START RAW DATA

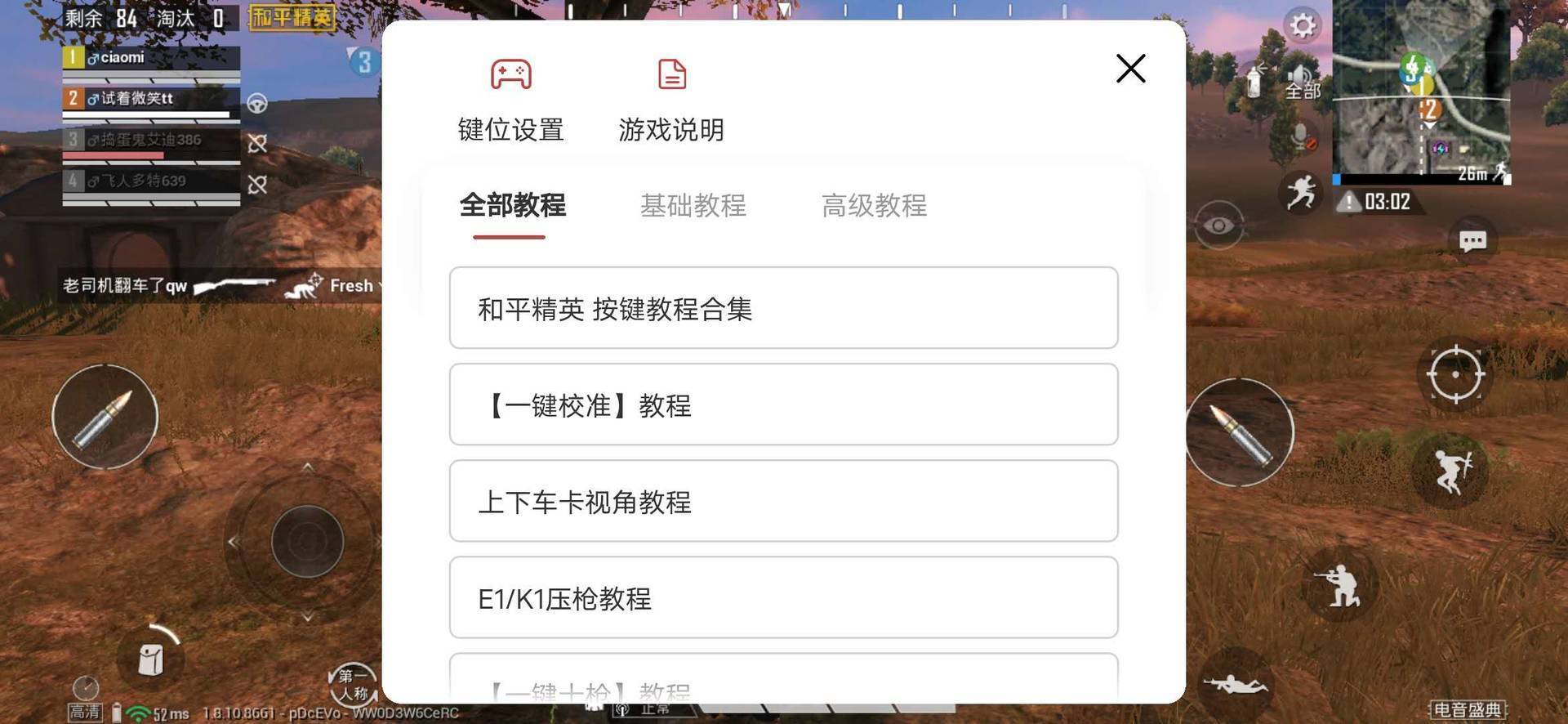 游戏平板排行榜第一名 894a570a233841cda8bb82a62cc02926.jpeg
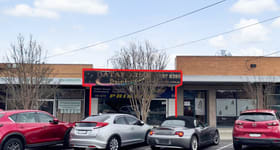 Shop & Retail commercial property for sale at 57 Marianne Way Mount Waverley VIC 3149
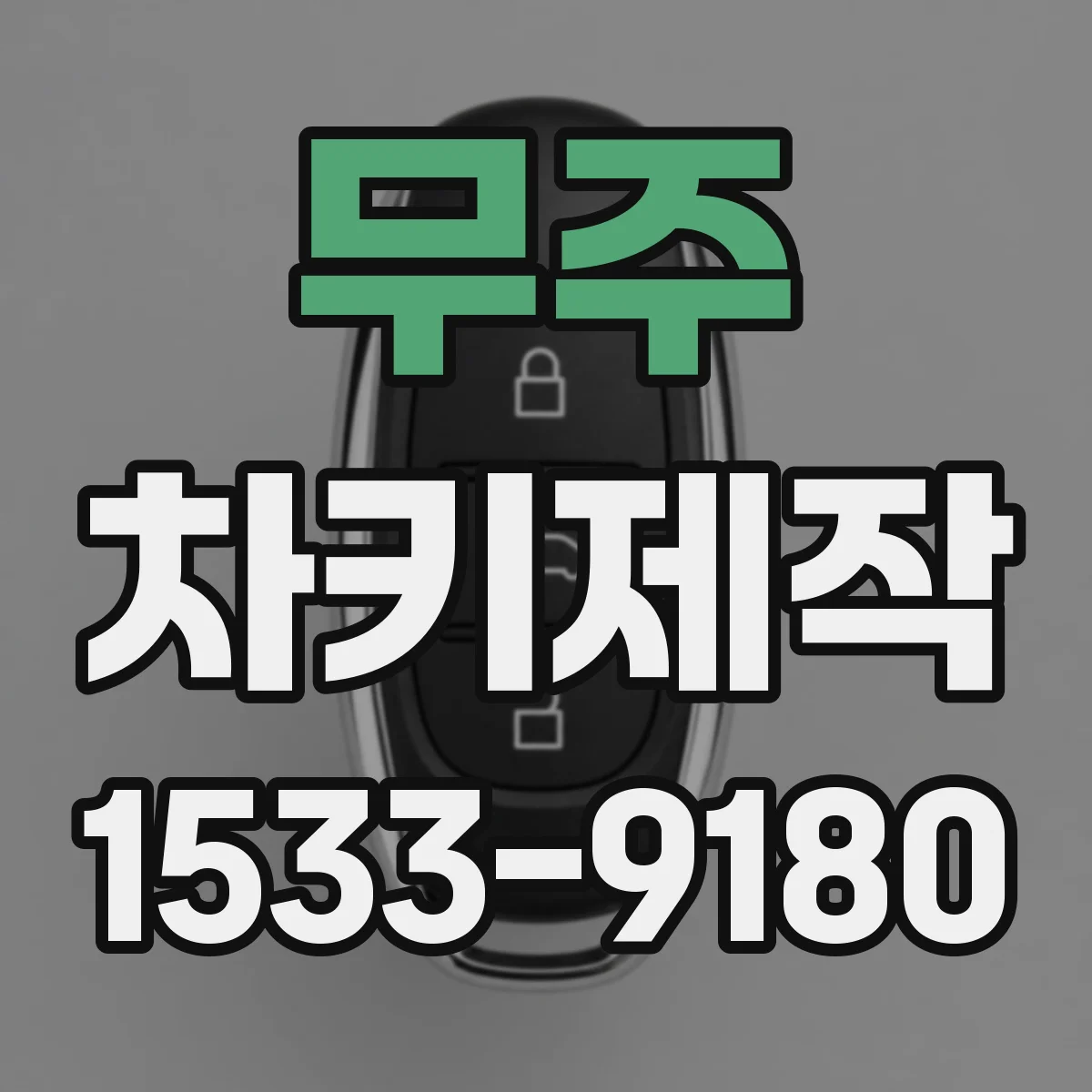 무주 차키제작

END RAW DATA

### [EXERCISE INSTRUCTIONS]
Set down all of the data word for word; no pictures belong in it.

### [EXERCISE RESULT]
 游戏平板排行榜第一名 894a570a233841cda8bb82a62cc02926.jpeg
 Shop & Retail commercial property for sale at 57 Marianne Way Mount Waverley VIC 3149
 무주 차키제작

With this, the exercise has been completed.